Back in July last year, Scott Helme and I shipped a little pet project that tracked the world's largest websites not implementing HTTPS by default. We called it Why No HTTPS? and it gave people a way to see the largest websites not taking transport layer security seriously. We also broke the list down on a country-by-country basis and it quickly became a means of highlighting security gaps and serving as a "list of shame". I've had many organisations reach out and ask to be removed once they'd done their TLS things properly so clearly, the site is driving the right behaviour. Today, we're happy to share the first update since November last year.
The Web is More Secure More of the Time
Let's start with the good news: since the first release of this little project, HTTPS adoption has steadily trended upwards:
We've gone from 70% of all HTTP requests being over the secure scheme to 80% which is a pretty good effort in a relatively short amount of time. But, of course, it's the websites serving that remaining 20% of traffic that I want to focus on here. Let's being with where we source the list of top sites from and that's something we've changed for this release.

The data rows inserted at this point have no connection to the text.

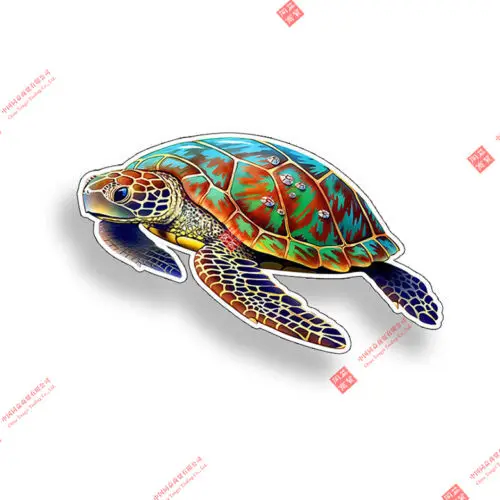 Creative PVC  Sea Turtle Sticker Colorful Laptop Cup Cooler Car Vehicle Window Bumper Decal Car Decal  Decoration Laptop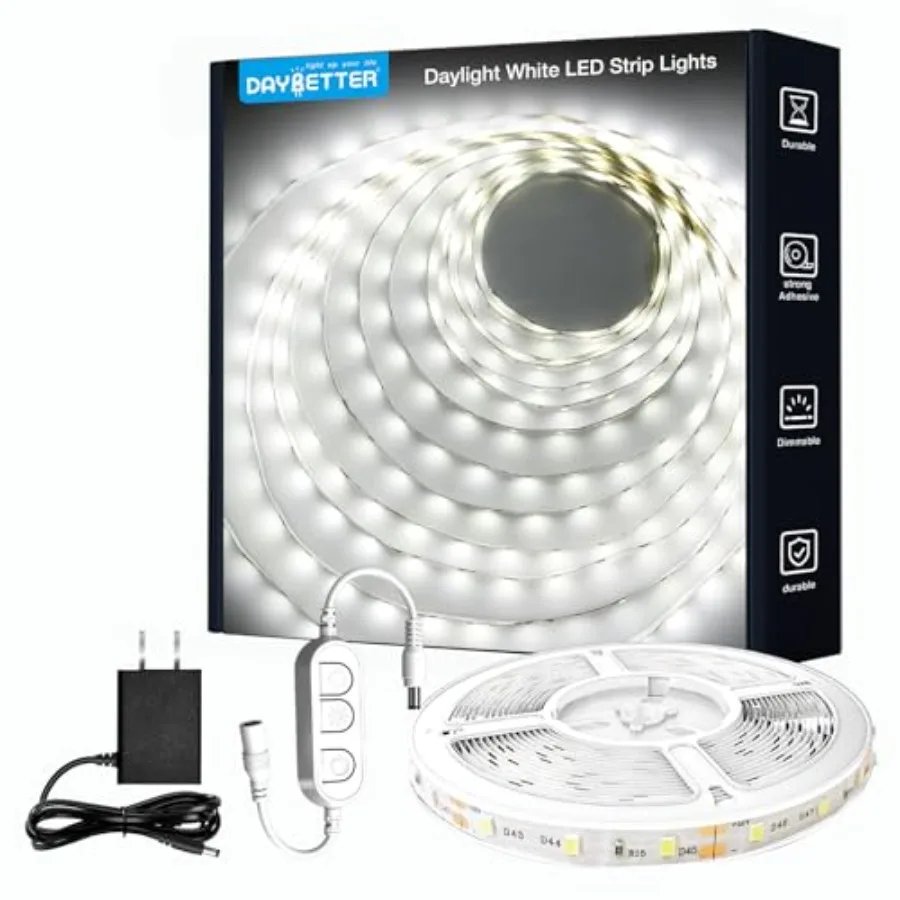 White LED Strip Light, 20 Feet Dimmable Bright Rope Lighting, 6500K 24V Strips, 360 LEDs 2835 Tape Lights for Bedroom, Kitchen,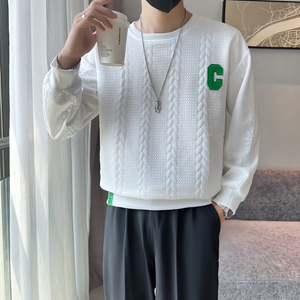2025春秋季男士卫衣长袖套头休闲纯色痞帅休闲ins上衣服打底衫P38图片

Bye Bye Alexa, Hello Tranco
When we launched the site, the list was based on the Alexa Top 1M. However, this list was becoming somewhat tricky to use reliably as Scott explained in October:
I used to use the Alexa Top 1 Million for this research but I've been having issues with the list. They tried to remove access at one point and while I managed to have it restored, there are other issues too. The accuracy of the data has been called into question and also the list itself has been having weird issues recently like not returning 1 million entries... Yep, that's right, the Alexa Top 1 Million list has been returning, in some cases, only ~650,000 entries recently, which is of course a problem.
Consequently, there are some differences in the way sites are ranked and as a result, there are some unexpected appearances. For example, the 21st largest site on the global list is googletagmanager.com. Now obviously this isn't a website in the sense that folks go there looking for useful content (many would argue quite the contrary), but based on the Tranco data it's one of the most traffic'd websites in the world so it's within scope of this project.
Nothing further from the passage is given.